For each file, the tool: downloads from the NCAR source via rclone, clips to lat/lon bounds via ncks (converting to NetCDF-4 with compression), and uploads the clipped file to a configured remote destination.

Prerequisites

  • Python >= 3.10
  • ncks (part of NCO) must be installed separately for NetCDF clipping

Installation

pip install era5_s3_dl

With optional Sentry error tracking (used in Docker deployment):

pip install era5_s3_dl[sentry]

Configuration

Copy parameters_example.toml to parameters.toml and edit it. The TOML file is the primary configuration mechanism -- all settings live here, and select values can be overridden via CLI options.

TOML sections

Root-level settings:

Key Type Default Description
n_tasks int 8 Number of parallel download workers
check_target bool true Check remote for existing files before downloading (skips duplicates)
work_dir string (temp dir) Working directory for intermediate files.

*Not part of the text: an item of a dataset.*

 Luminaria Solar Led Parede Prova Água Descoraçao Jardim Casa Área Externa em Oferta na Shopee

Creates download/ and clipped/ subdirs within it. If not set, uses a temporary directory that is cleaned up on completion.
preset string Variable preset (e.g. "wrf", "all"). Required unless variables is set.
variables string Comma-separated NetCDF variable names to download (case insensitive). Combined with preset if both set.

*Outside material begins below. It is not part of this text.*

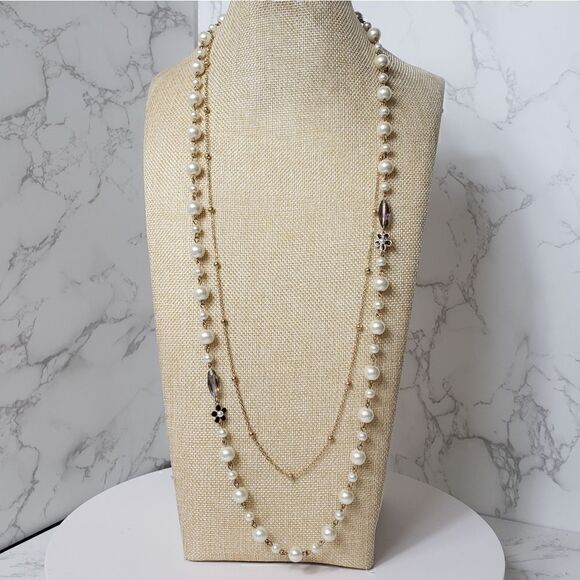 LONG Multi-strand Necklace Faux Pearls Florals Goldtone Chain - Picture 1 of 10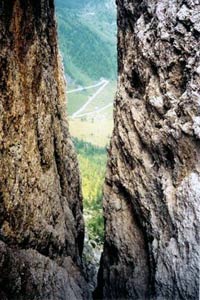 View from the footbridge on the Pisciadu Climbing Path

[dates] -- Date range for files to download:

[dates]
start_date = "2020-01-01"
end_date = "2024-12-31"

[bounds] -- Geographic clipping bounds (longitude/latitude):

[bounds]
min_lon = 145
max_lon = 195
min_lat = -60
max_lat = -20

[source] -- rclone config for the NCAR ERA5 source bucket. The default points to the public nsf-ncar-era5 bucket on AWS:

[source]
type = 's3'
provider = 'AWS'
env_auth = 'false'
region = 'us-west-2'
path = 'nsf-ncar-era5/'

[remote] -- rclone config for the upload destination. Can be S3 or a local path. Optional for --list-only mode:

# S3 example:
[remote]
type = 's3'
provider = 'Mega'
endpoint = 'https://s3.example.com'
access_key_id = ''
secret_access_key = ''
path = '/data/ncar/era5/'

# Local example (use with Docker volume mount):
[remote]
type = 'local'
path = '/data/output'

[sentry] (optional) -- Sentry error tracking. Requires the sentry extra to be installed:

[sentry]
dsn = ''
tags = {}

Variable Selection

You must specify which ERA5 variables to download using --preset and/or --variables.

Presets select a predefined group of variables:

  • wrf -- the 26 variables required for WRF model initialization
  • all -- all 92 available ERA5 variables

Variables are specified by their NetCDF variable name (case insensitive). The full catalog is in era5_dl/era5_variables.json. Examples: SP, VAR_2T, Z, CAPE, U, V.

When both --preset and --variables are given, the variables are combined (union).

# Download WRF variables only
era5_dl parameters.toml --preset wrf

# Download just surface pressure and 2m temperature
era5_dl parameters.toml --variables sp,var_2t

# Download WRF variables plus CAPE
era5_dl parameters.toml --preset wrf --variables cape

# List all available files without downloading
era5_dl parameters.toml --preset all --list-only

Usage

Basic invocation with a parameters file:

era5_dl parameters.toml --preset wrf

Override specific TOML values via CLI options:

era5_dl parameters.toml --preset wrf -s 2024-01-01 -e 2024-12-31 -n 4
era5_dl parameters.toml --preset wrf --min-lon 160 --max-lon 180 --no-check-target

List matching files without downloading (does not require [remote] config):

era5_dl parameters.toml --preset wrf --list-only

See all options:

era5_dl --help

CLI Options

All options are optional and override the corresponding value in the parameters TOML file.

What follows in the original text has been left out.